ALBUM REVIEW: Kevin Morby Offers Snapshots of Hope in Hard Times on ‘This Is a Photograph’
Kevin Morby was all of us in 2020, reckoning with mortality after a health scare in his family, desperately trying to connect to the present despite the nagging nostalgia for the way things were, and searching for meaning amid the often depressing day-to-day. But Morby is a prolific songwriter and gifted storyteller, so his quest led him to This Is a Photograph, his seventh full-length album. A heaping helping of Americana, the record is obsessed with the past and finding ourselves through it, looking back to move forward.
Morby inhabits a wide range of spaces and identities on This Is a Photograph, from a lonely hotel room in Memphis to a character relegated to the sidelines of a film finally using her voice. Though it all began with a box of old photos, of fragmented histories, the album functions as its own snapshot of an artist examining all the things that make him whole.
In soft spoken-word and harmonies with heavenly vocalists including Erin Rae, Cassandra Jenkins, and Alecia Chakour, Morby’s various vocal moods range from mellow and groovy (“A Coat of Butterflies”), to sharp and breathless (“Rock Bottom”). Sometimes, like on standout “Stop Before I Cry,” he is just himself, raw and honest and dying for the world to be like it was.

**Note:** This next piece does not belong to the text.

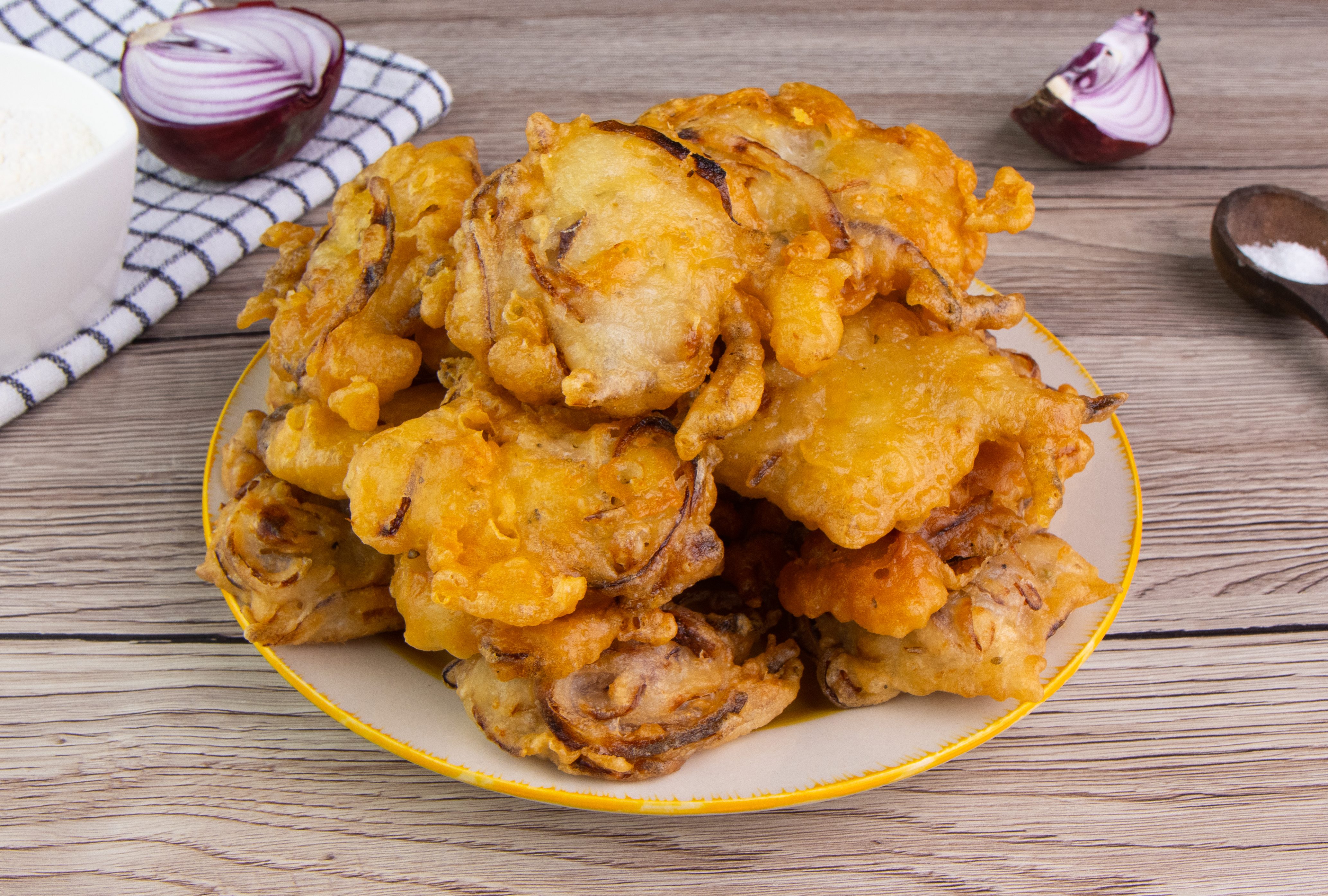 Frittelle di cipolle: la ricetta dell'antipasto sfizioso con cipolle di Tropea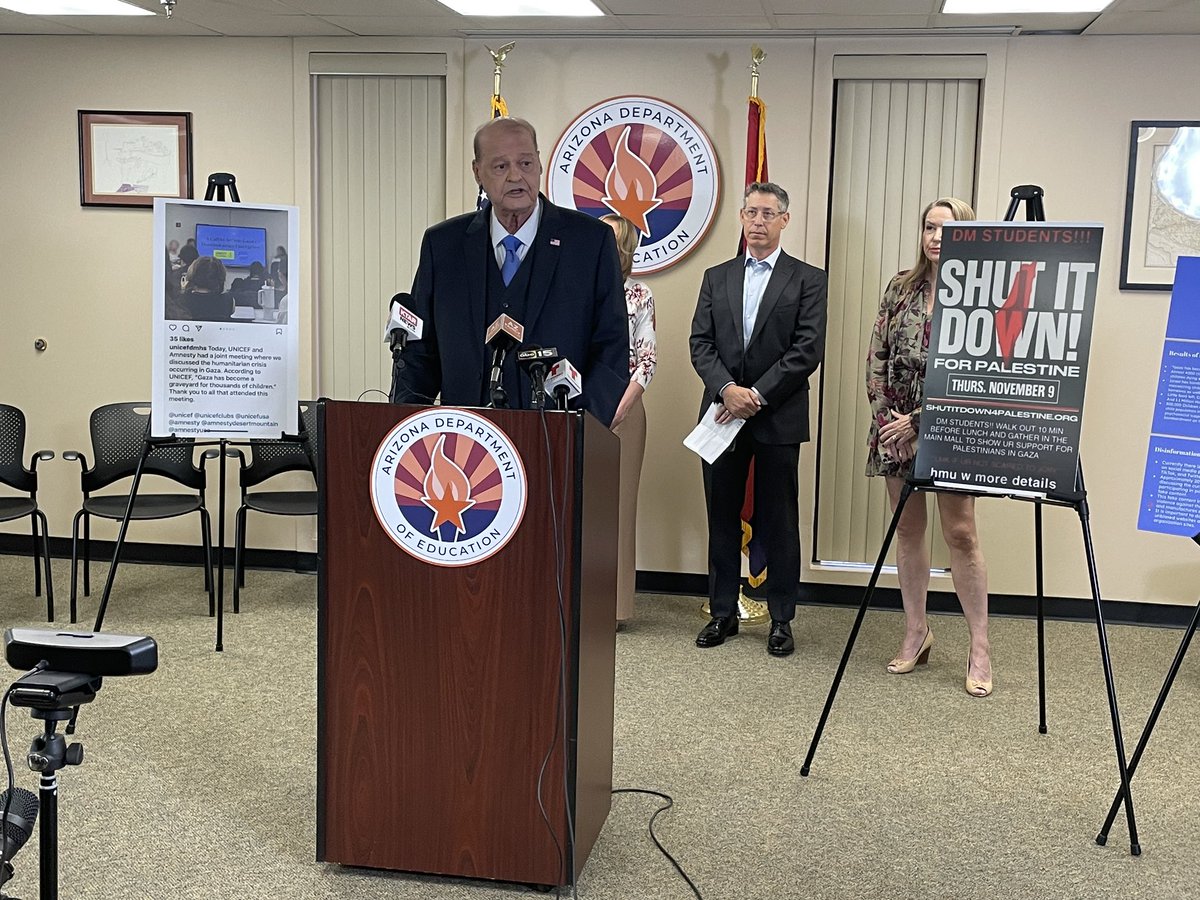 El superintendente estatal de instrucción Pública, Tom Horne, denuncia materiales antisemitas proporcionados por UNICEF y Amnistía
internacional en un evento de una escuela de Arizona. Los detalles por <a href="/TelemundoAZ/">Telemundo Arizona</a>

Other times, as with “Five Easy Pieces,” he escapes into a fantasy. This is, just as it sounds, Bob Rafelson’s 1970 counterculture classic in song form, seemingly told from the perspective of Karen Black’s “Rayette,” finally realizing her worth after pining for Jack Nicholson’s “Bobby,” who routinely mistreats her.

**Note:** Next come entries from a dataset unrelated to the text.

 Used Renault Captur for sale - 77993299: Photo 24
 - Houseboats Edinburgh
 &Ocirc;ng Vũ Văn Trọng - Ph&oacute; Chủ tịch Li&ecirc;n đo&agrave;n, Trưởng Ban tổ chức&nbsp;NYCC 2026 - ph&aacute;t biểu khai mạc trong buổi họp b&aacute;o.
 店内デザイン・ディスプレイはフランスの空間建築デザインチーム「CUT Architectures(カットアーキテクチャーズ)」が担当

This Is a Photograph was created during an upheaval when nothing seemed like it would ever be right again. But it is undeniably hopeful, and in true Morby fashion, it can see the light peeking through the cracks in the bleakness. Nowhere on the album is this more evident than on the closing track, “Goodbye to Goodtimes,” a minimal piece with just Morby’s guitar and producer Sam Cohen’s lapsteel to soundtrack a scrapbook of wonderful things. “When I was a boy / I wanted to live and breathe inside a song,” he sings. “Well how about this one?”
This Is a Photograph is out May 13 on Dead Oceans.